Of course, the real question if we should be doing this refactoring in the first place. We have abstracted away the implementation of IsEven and IsGreaterThan, but abstractions are not free. You win something and you lose something when adding an abstraction. But do we win more than we lose?

In this particular case I would argue to just leave the original code intact. The x % 2 == 0 construct to determine evenness will be familiar to all but the most junior of programmers, and x > y will be obvious to anyone with even the most basic knowledge of math. So, we don't win much by this abstraction.

There are two other things that bother me about this code. The first is the use of the names x and y for the variables. The second one is that mysterious comment // Do something. Let's start with the variable names.

If this code is about positioning, or coordinates or some such, then x and y make sense. In most other domains, x and y are just placeholder names. This stems from mathematics where the first unknown is often simply named x, and the second one is named y, etc.

However, when programming, not naming your variables after what they represent is a missed opportunity to clarify the intent of the code.

The code was given without context or domain, so we can only guess what x and y represent, and what kind of business rule is behind the IsEven and IsGreaterThan-line.

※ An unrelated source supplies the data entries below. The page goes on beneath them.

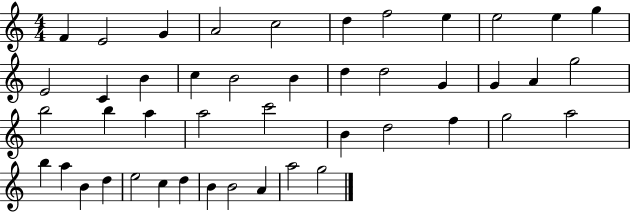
F4/q E4/h G4/q A4/h C5/h D5/q F5/h E5/q E5/h E5/q G5/q E4/h C4/q B4/q C5/q B4/h B4/q D5/q D5/h G4/q G4/q A4/q G5/h B5/h B5/q A5/q A5/h C6/h B4/q D5/h F5/q G5/h A5/h B5/q A5/q B4/q D5/q E5/h C5/q D5/q B4/q B4/h A4/q A5/h G5/h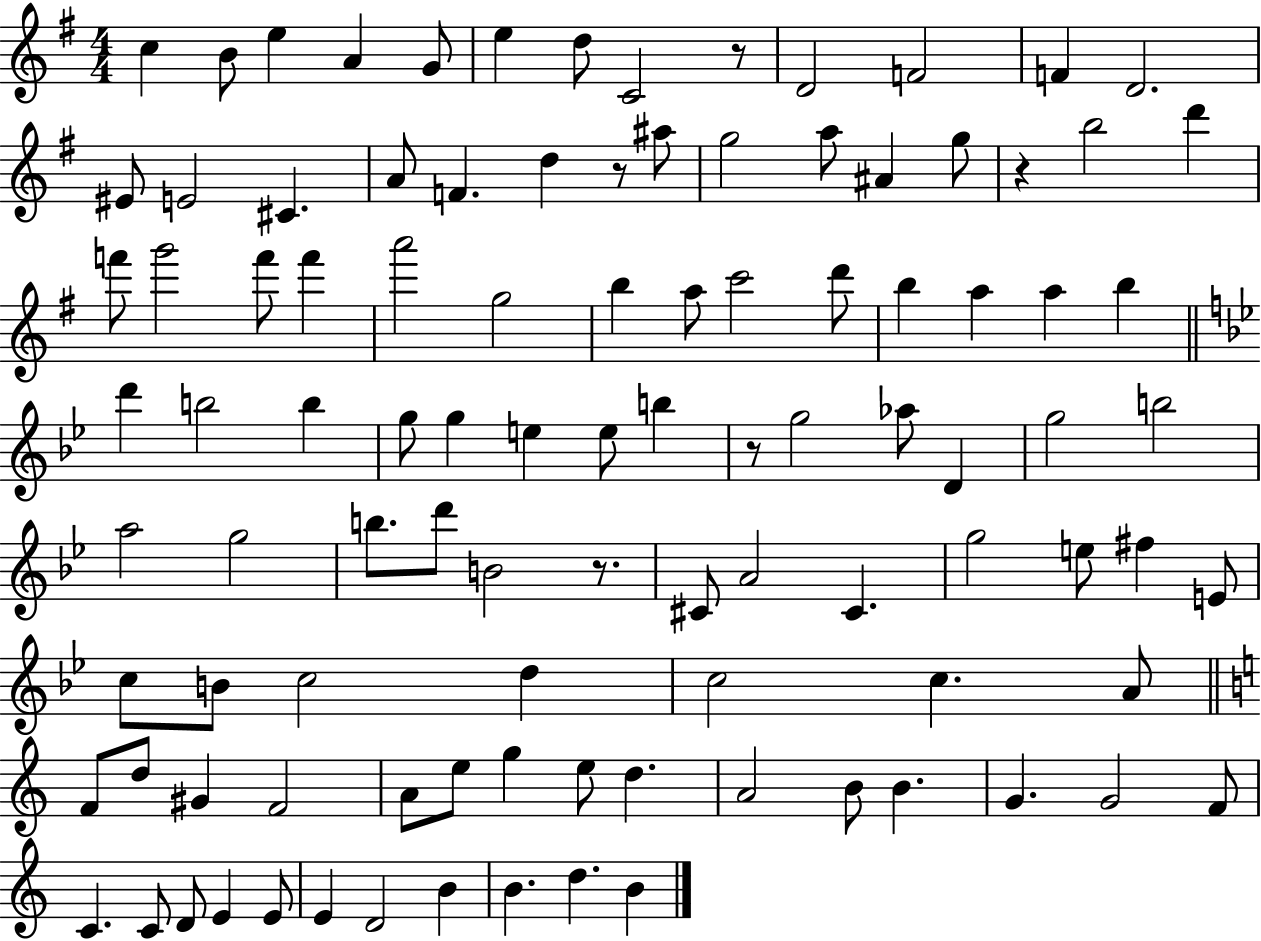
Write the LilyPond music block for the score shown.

{
  \clef treble
  \numericTimeSignature
  \time 4/4
  \key g \major
  c''4 b'8 e''4 a'4 g'8 | e''4 d''8 c'2 r8 | d'2 f'2 | f'4 d'2. | \break eis'8 e'2 cis'4. | a'8 f'4. d''4 r8 ais''8 | g''2 a''8 ais'4 g''8 | r4 b''2 d'''4 | \break f'''8 g'''2 f'''8 f'''4 | a'''2 g''2 | b''4 a''8 c'''2 d'''8 | b''4 a''4 a''4 b''4 | \break \bar "||" \break \key bes \major d'''4 b''2 b''4 | g''8 g''4 e''4 e''8 b''4 | r8 g''2 aes''8 d'4 | g''2 b''2 | \break a''2 g''2 | b''8. d'''8 b'2 r8. | cis'8 a'2 cis'4. | g''2 e''8 fis''4 e'8 | \break c''8 b'8 c''2 d''4 | c''2 c''4. a'8 | \bar "||" \break \key a \minor f'8 d''8 gis'4 f'2 | a'8 e''8 g''4 e''8 d''4. | a'2 b'8 b'4. | g'4. g'2 f'8 | \break c'4. c'8 d'8 e'4 e'8 | e'4 d'2 b'4 | b'4. d''4. b'4 | \bar "|."
}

A suggestion given by @AstridSawatzky on Twitter is that it represents a dice roll in a Dungeons and Dragons style game, where the roll is successful if the result is even and greater than a certain threshold. So, let's go with that. How can we express that idea in code?

if (diceTotal.IsEven && diceTotal.IsGreaterThan(threshold))
{
	// Do something
}

Now at least the variable names make more sense, and the code is becoming a lot expressive. Given the domain, the code becomes more readable, not just for programmers, but also for non-programming domain experts

Now for that // Do something. That seems to imply that some side effect is happening. Let's say something like:

if (diceTotal.IsEven && diceTotal.IsGreaterThan(threshold))
{
	Console.WriteLine("Attack was successful");
}

The problem with that code is that it is mixing domain logic with control flow logic and infrastructure logic. In the domain we should not care about Consoles and WriteLines (infrastructure), or even the particular if-statement (control flow).

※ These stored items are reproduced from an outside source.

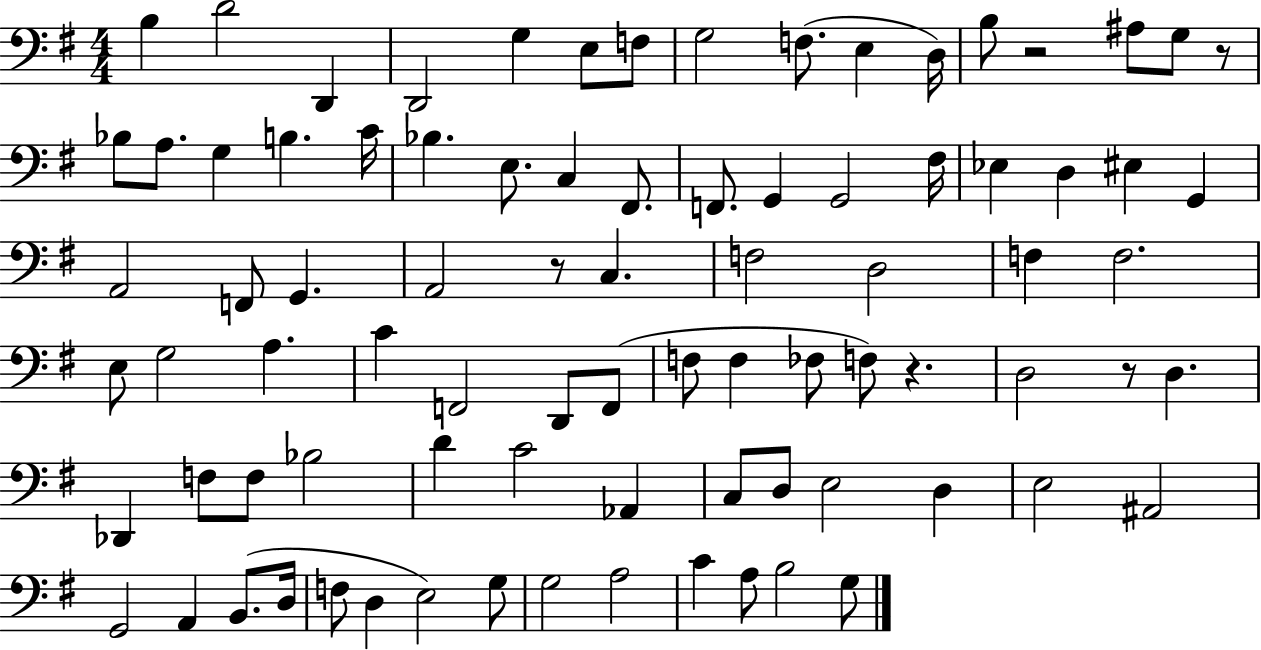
B3/q D4/h D2/q D2/h G3/q E3/e F3/e G3/h F3/e. E3/q D3/s B3/e R/h A#3/e G3/e R/e Bb3/e A3/e. G3/q B3/q. C4/s Bb3/q. E3/e. C3/q F#2/e. F2/e. G2/q G2/h F#3/s Eb3/q D3/q EIS3/q G2/q A2/h F2/e G2/q. A2/h R/e C3/q. F3/h D3/h F3/q F3/h. E3/e G3/h A3/q. C4/q F2/h D2/e F2/e F3/e F3/q FES3/e F3/e R/q. D3/h R/e D3/q. Db2/q F3/e F3/e Bb3/h D4/q C4/h Ab2/q C3/e D3/e E3/h D3/q E3/h A#2/h G2/h A2/q B2/e. D3/s F3/e D3/q E3/h G3/e G3/h A3/h C4/q A3/e B3/h G3/e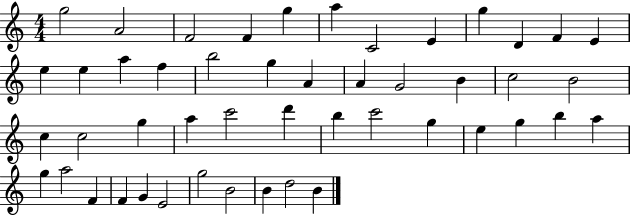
G5/h A4/h F4/h F4/q G5/q A5/q C4/h E4/q G5/q D4/q F4/q E4/q E5/q E5/q A5/q F5/q B5/h G5/q A4/q A4/q G4/h B4/q C5/h B4/h C5/q C5/h G5/q A5/q C6/h D6/q B5/q C6/h G5/q E5/q G5/q B5/q A5/q G5/q A5/h F4/q F4/q G4/q E4/h G5/h B4/h B4/q D5/h B4/q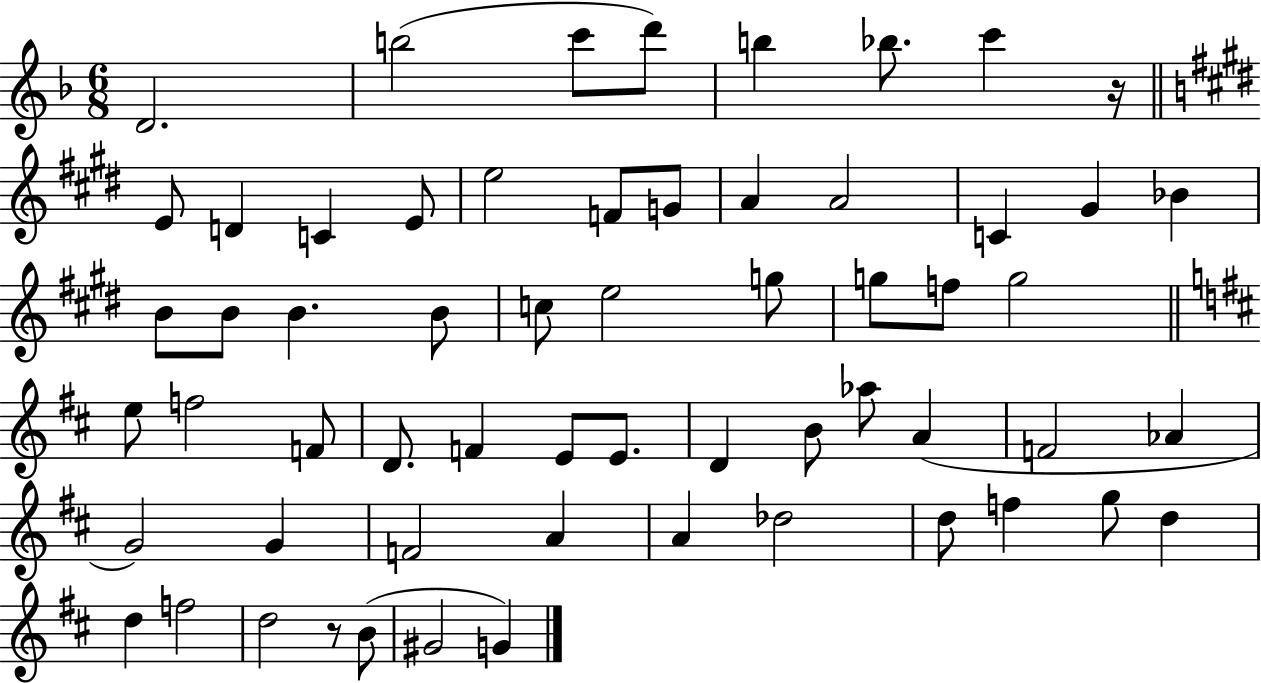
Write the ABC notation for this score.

X:1
T:Untitled
M:6/8
L:1/4
K:F
D2 b2 c'/2 d'/2 b _b/2 c' z/4 E/2 D C E/2 e2 F/2 G/2 A A2 C ^G _B B/2 B/2 B B/2 c/2 e2 g/2 g/2 f/2 g2 e/2 f2 F/2 D/2 F E/2 E/2 D B/2 _a/2 A F2 _A G2 G F2 A A _d2 d/2 f g/2 d d f2 d2 z/2 B/2 ^G2 G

Another way to put it is that it violates the CQRS principle (mixing command and query).

The domain code could look like this:

public bool IsSuccessFul(int diceTotal, int threshold) => diceTotal.IsEven && diceTotal.IsGreaterThan(threshold);

Now IsSuccessFul does not have any side-effects and can be tested easily. It's a pure domain concept, and the language used in the code reflects the language used in the domain.

When we learn more about the domain, we can determine where this function should be placed.

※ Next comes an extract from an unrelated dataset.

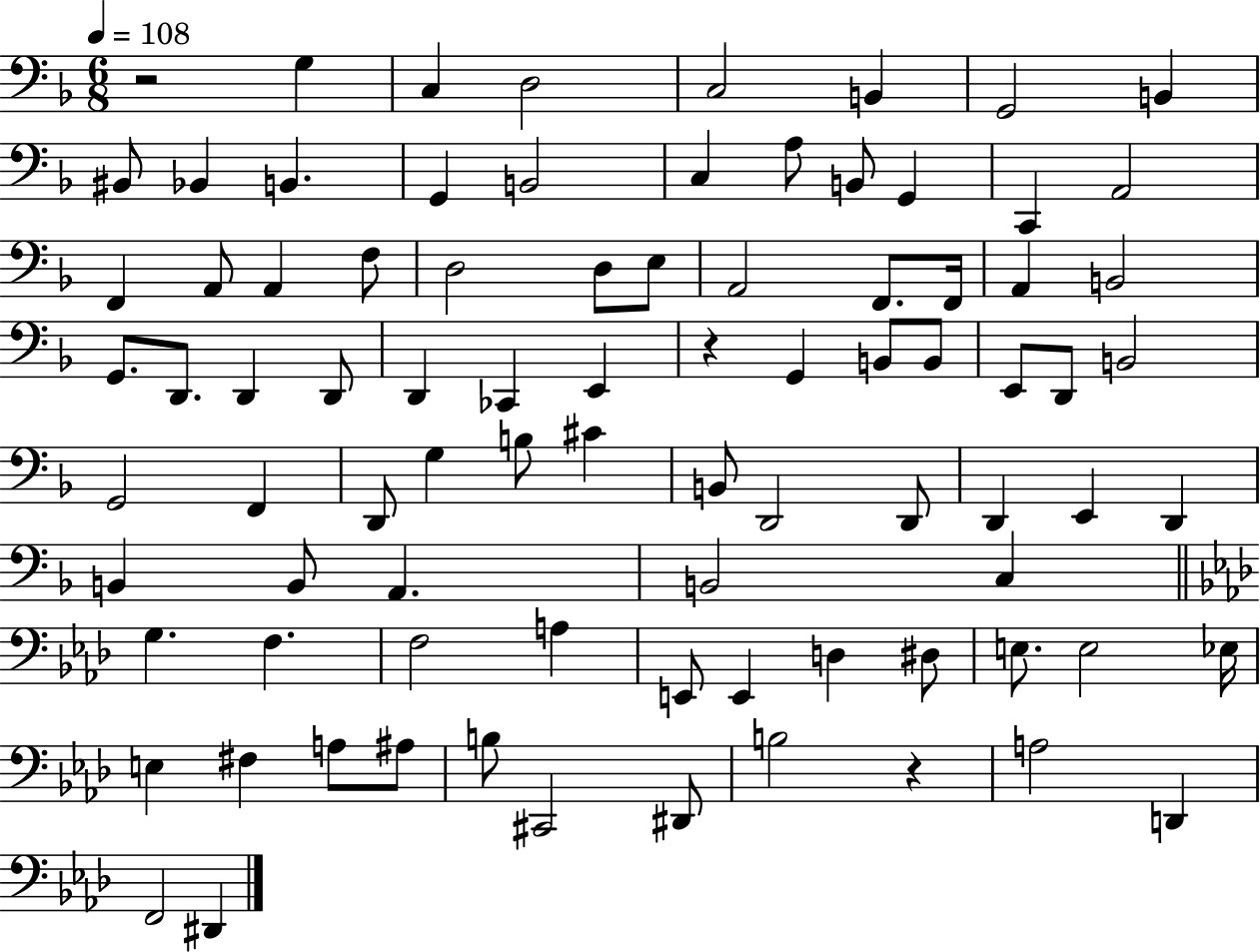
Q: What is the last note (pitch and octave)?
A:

This article turned out as a bit of a brain dump. The main take aways, for me, are:

Abstractions are not free
Readability is in the eye of the beholder, especially when taken out of its (domain) context
Clarity of the code improves more objectively when the language used makes sense in the domain
Separating domain code from control flow code and infrastructural code improves clarity
Useful variable names go a long way towards making code more readable

-- Rene Wiersma